*Exercise description:* Write the entries out again in full and unchanged, dropping every image.

BEGIN Records for this exercise

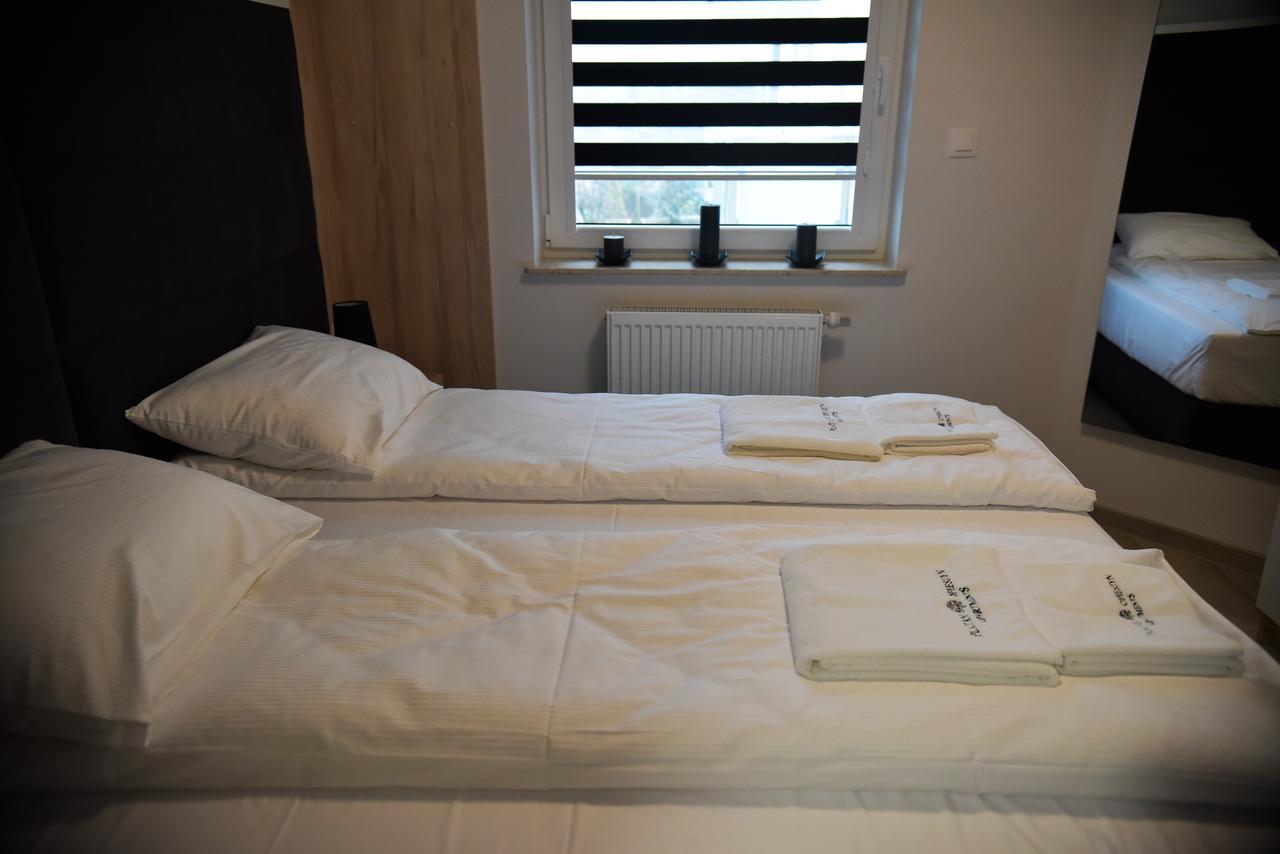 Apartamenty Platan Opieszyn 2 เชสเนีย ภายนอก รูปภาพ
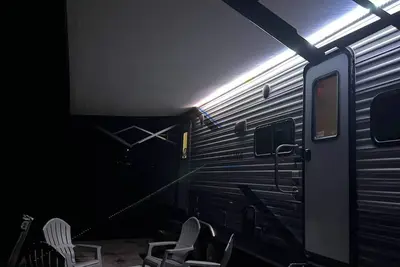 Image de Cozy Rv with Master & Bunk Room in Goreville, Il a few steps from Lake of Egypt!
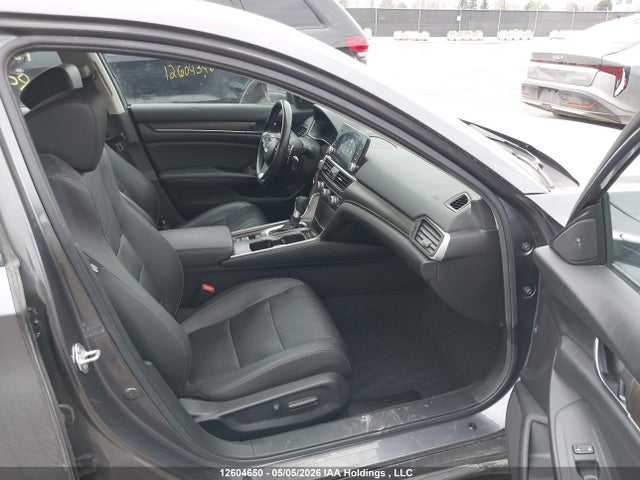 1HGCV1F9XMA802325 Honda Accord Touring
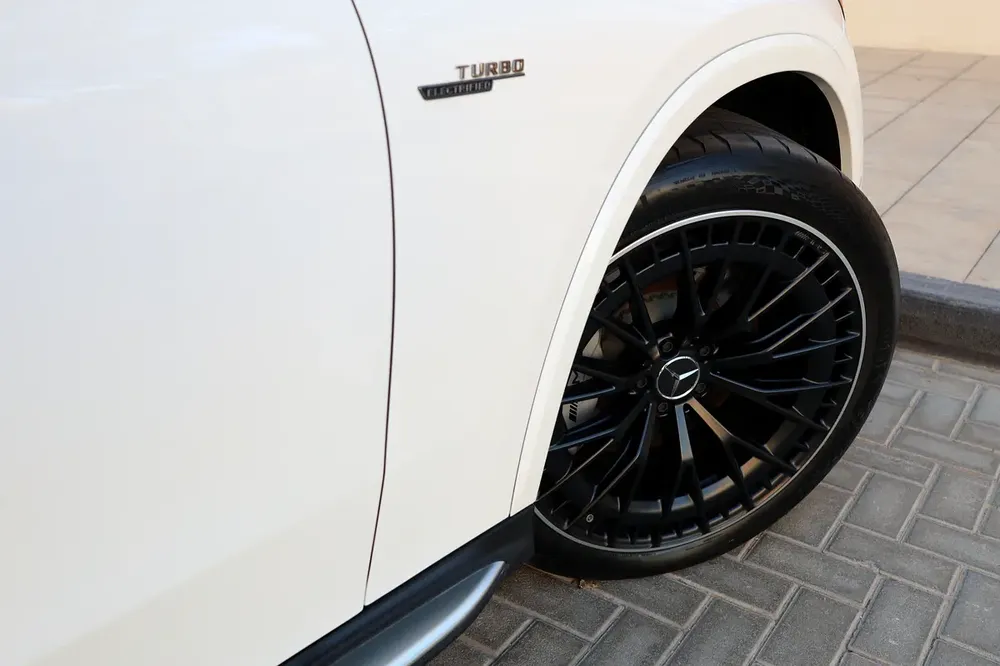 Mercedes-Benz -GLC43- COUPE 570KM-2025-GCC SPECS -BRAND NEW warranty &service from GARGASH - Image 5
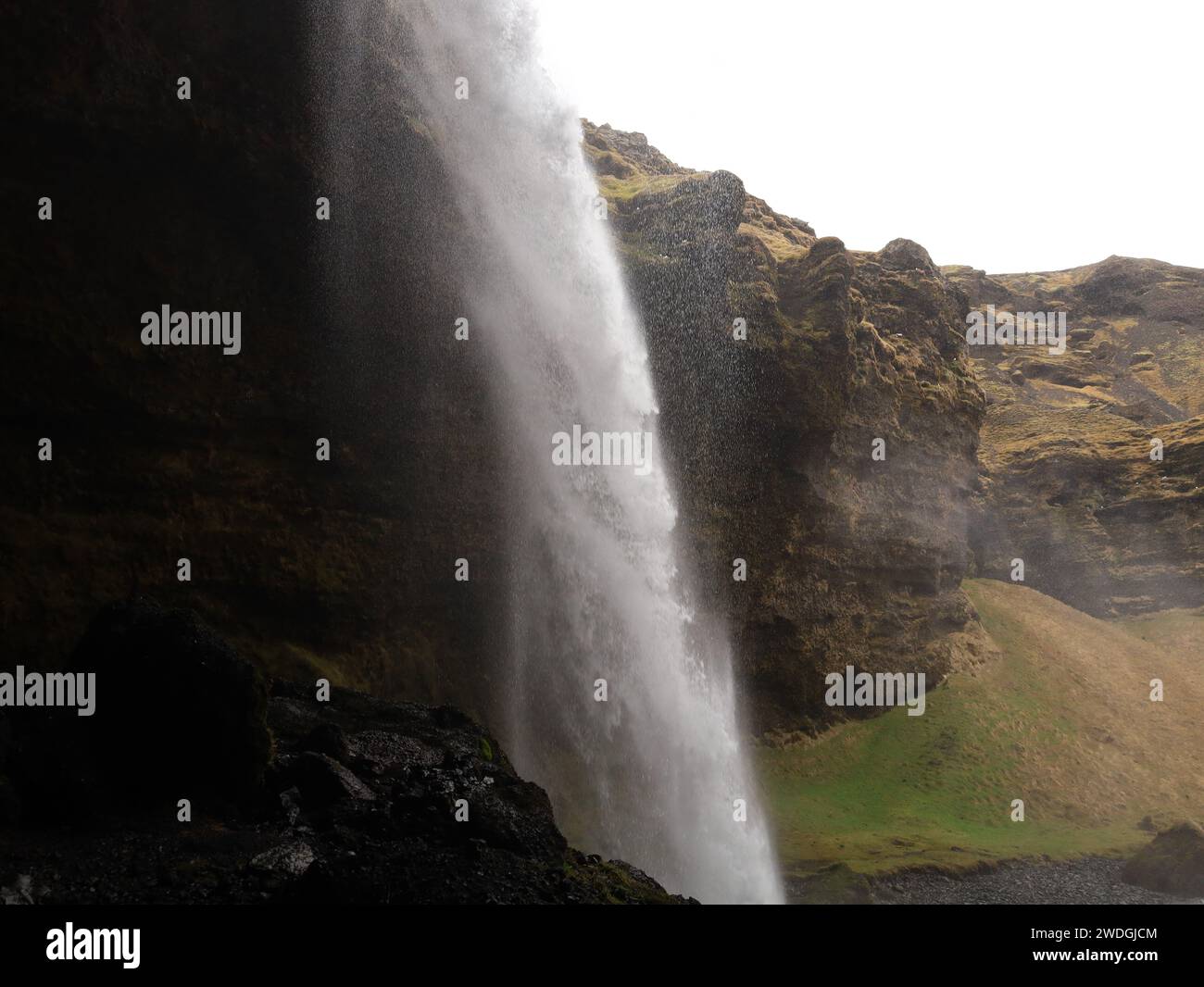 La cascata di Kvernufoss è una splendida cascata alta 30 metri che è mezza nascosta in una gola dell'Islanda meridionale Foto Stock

END Records for this exercise

*Response to the exercise:*
 Apartamenty Platan Opieszyn 2 เชสเนีย ภายนอก รูปภาพ
 Image de Cozy Rv with Master & Bunk Room in Goreville, Il a few steps from Lake of Egypt!
 1HGCV1F9XMA802325 Honda Accord Touring
 Mercedes-Benz -GLC43- COUPE 570KM-2025-GCC SPECS -BRAND NEW warranty &service from GARGASH - Image 5
 La cascata di Kvernufoss è una splendida cascata alta 30 metri che è mezza nascosta in una gola dell'Islanda meridionale Foto Stock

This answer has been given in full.